# Required work
Begin your copy at the line with "Bedroom-Flat-To-Rent" in the records below and end it at the line with "302 Chateau Dr, Buffalo", restating each line word for word; omit the pictures.

# Data for review
►
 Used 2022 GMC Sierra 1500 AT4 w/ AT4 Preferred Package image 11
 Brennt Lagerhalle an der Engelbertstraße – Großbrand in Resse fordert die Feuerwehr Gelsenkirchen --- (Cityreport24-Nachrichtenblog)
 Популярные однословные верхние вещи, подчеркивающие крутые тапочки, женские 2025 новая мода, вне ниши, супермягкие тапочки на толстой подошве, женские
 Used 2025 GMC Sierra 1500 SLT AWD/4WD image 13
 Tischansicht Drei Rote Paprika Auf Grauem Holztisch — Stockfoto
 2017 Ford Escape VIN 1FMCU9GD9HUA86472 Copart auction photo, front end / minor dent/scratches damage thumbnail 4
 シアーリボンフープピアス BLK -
◄
►
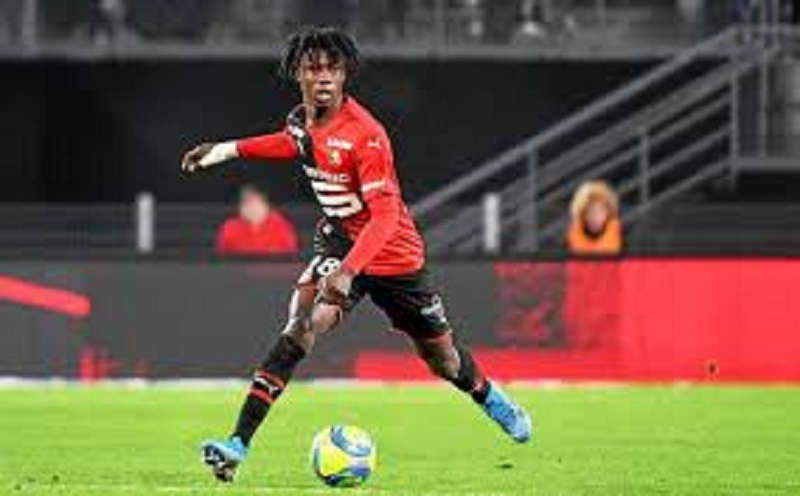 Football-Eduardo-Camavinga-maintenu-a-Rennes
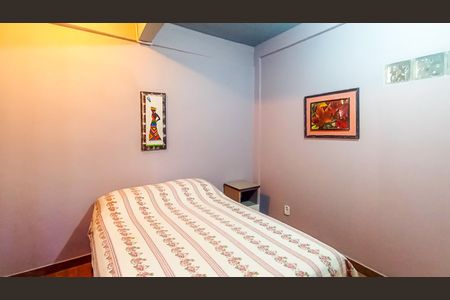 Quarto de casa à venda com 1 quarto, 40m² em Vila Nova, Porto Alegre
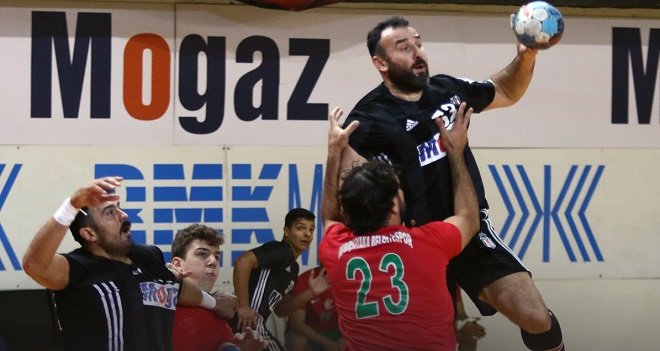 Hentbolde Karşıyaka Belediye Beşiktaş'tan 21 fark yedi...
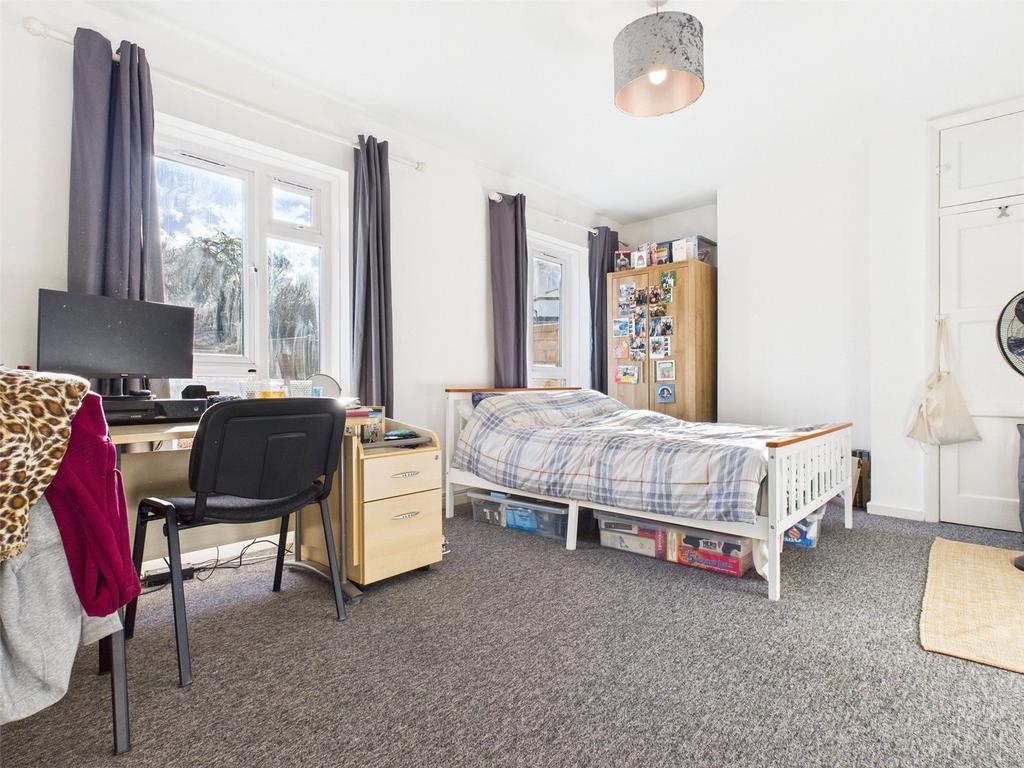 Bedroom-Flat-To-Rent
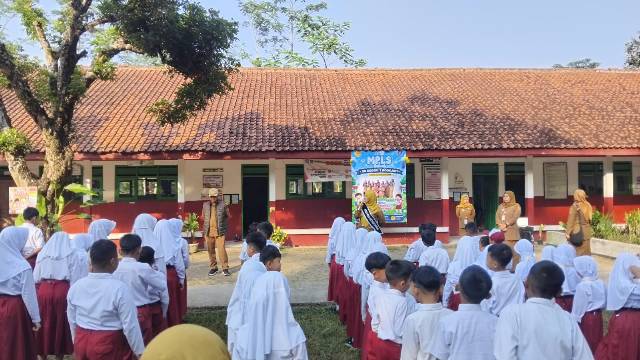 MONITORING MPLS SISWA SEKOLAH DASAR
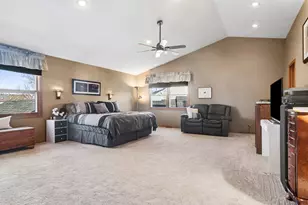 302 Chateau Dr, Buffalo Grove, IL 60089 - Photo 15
◄
►
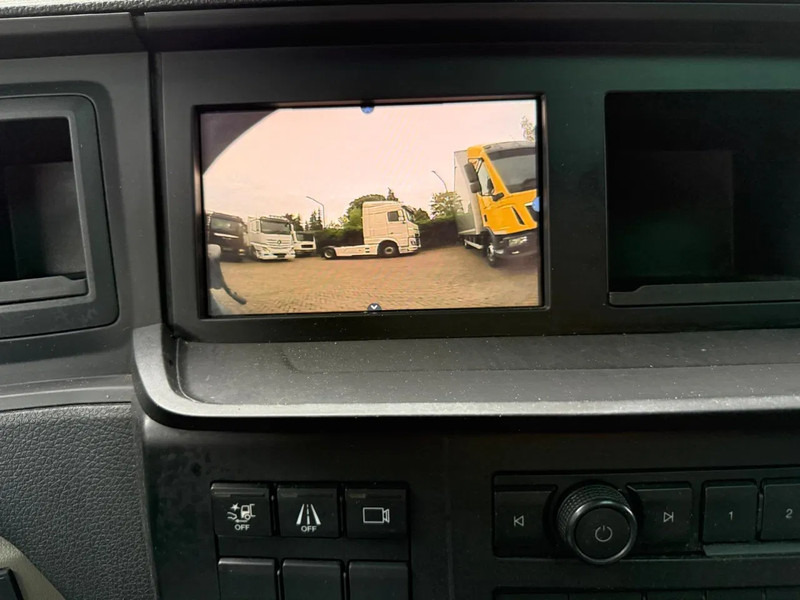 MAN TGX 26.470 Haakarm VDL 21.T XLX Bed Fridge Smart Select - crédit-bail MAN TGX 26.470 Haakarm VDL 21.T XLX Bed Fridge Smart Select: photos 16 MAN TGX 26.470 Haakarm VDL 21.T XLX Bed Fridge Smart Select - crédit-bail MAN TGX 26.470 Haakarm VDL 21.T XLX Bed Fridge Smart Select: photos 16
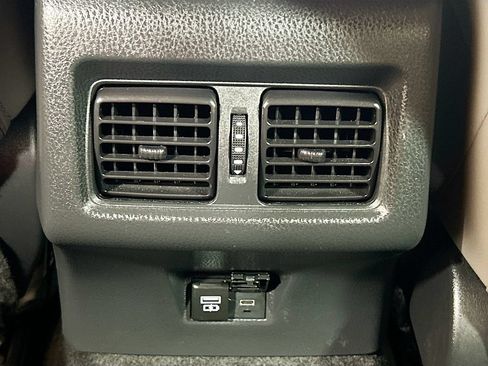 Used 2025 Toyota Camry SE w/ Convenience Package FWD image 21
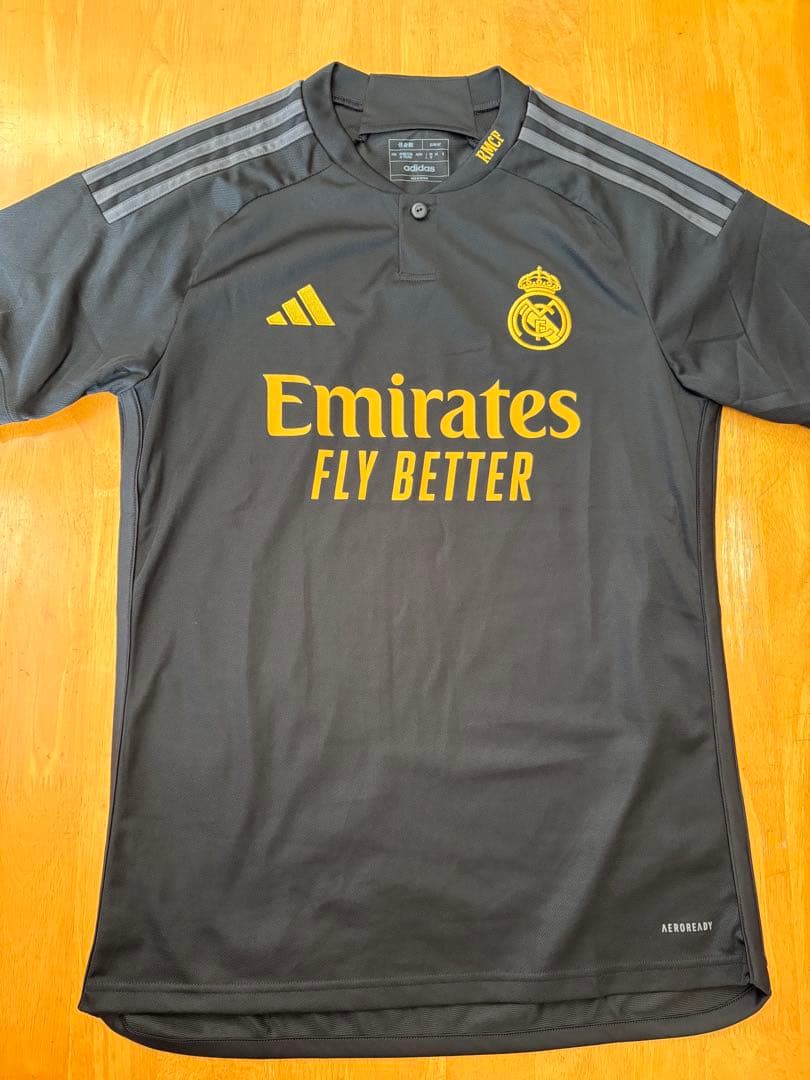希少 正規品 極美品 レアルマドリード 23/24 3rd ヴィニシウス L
◄
# Task response
 Bedroom-Flat-To-Rent
 MONITORING MPLS SISWA SEKOLAH DASAR
 302 Chateau Dr, Buffalo Grove, IL 60089 - Photo 15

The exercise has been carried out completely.